→ Task brief
What follows is a listing; repeat exactly, and only, its lines from the one holding "2020最新海南旅游攻略：自由行更佳线路与攻略大全" through the last, leaving any pictures out.

→ Collected material
*** Block opens ***
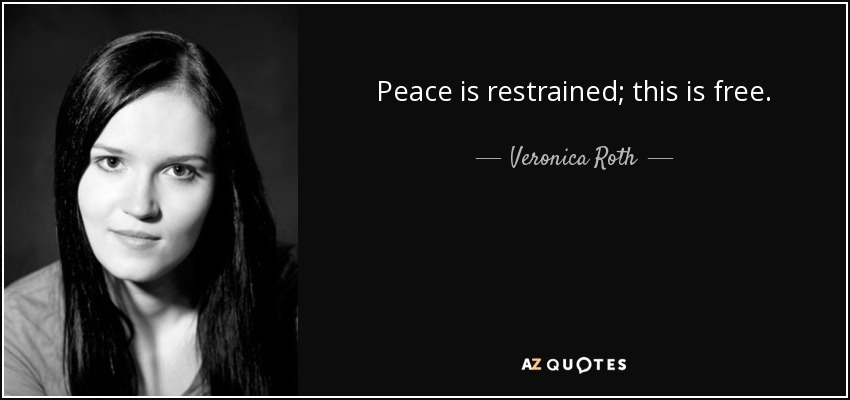 Peace is restrained; this is free. - Veronica Roth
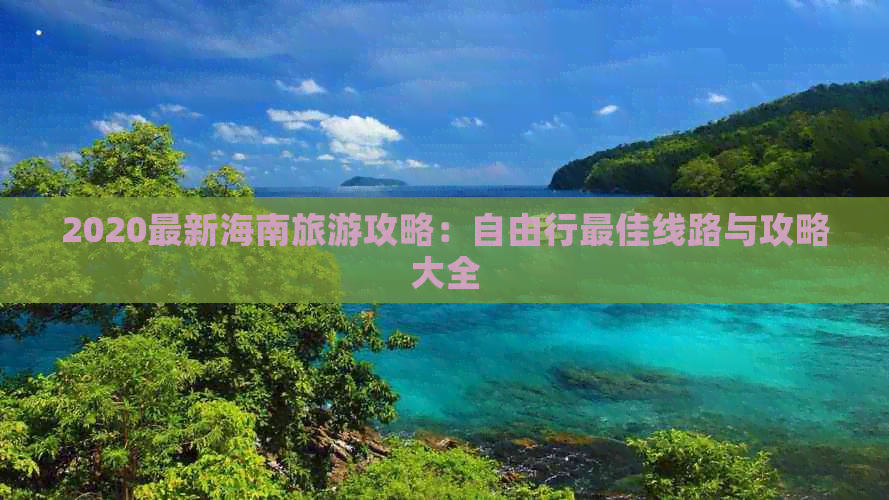 2020最新海南旅游攻略：自由行更佳线路与攻略大全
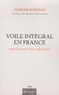 Maryam Borghée - Le voile intégral en France - Sociologie d'un paradoxe.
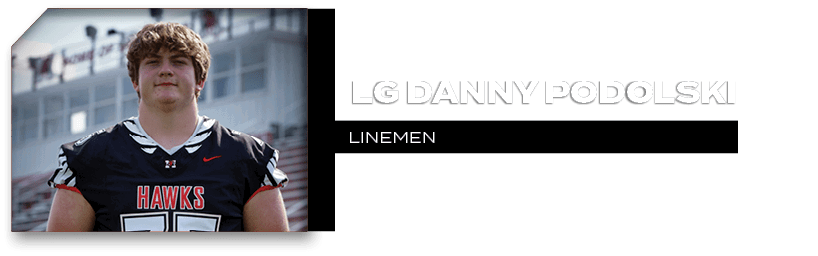 LINEMEN,LG Danny Podolsk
*** Block closes ***
→ Solution
 2020最新海南旅游攻略：自由行更佳线路与攻略大全
 Maryam Borghée - Le voile intégral en France - Sociologie d'un paradoxe.
 LINEMEN,LG Danny Podolsk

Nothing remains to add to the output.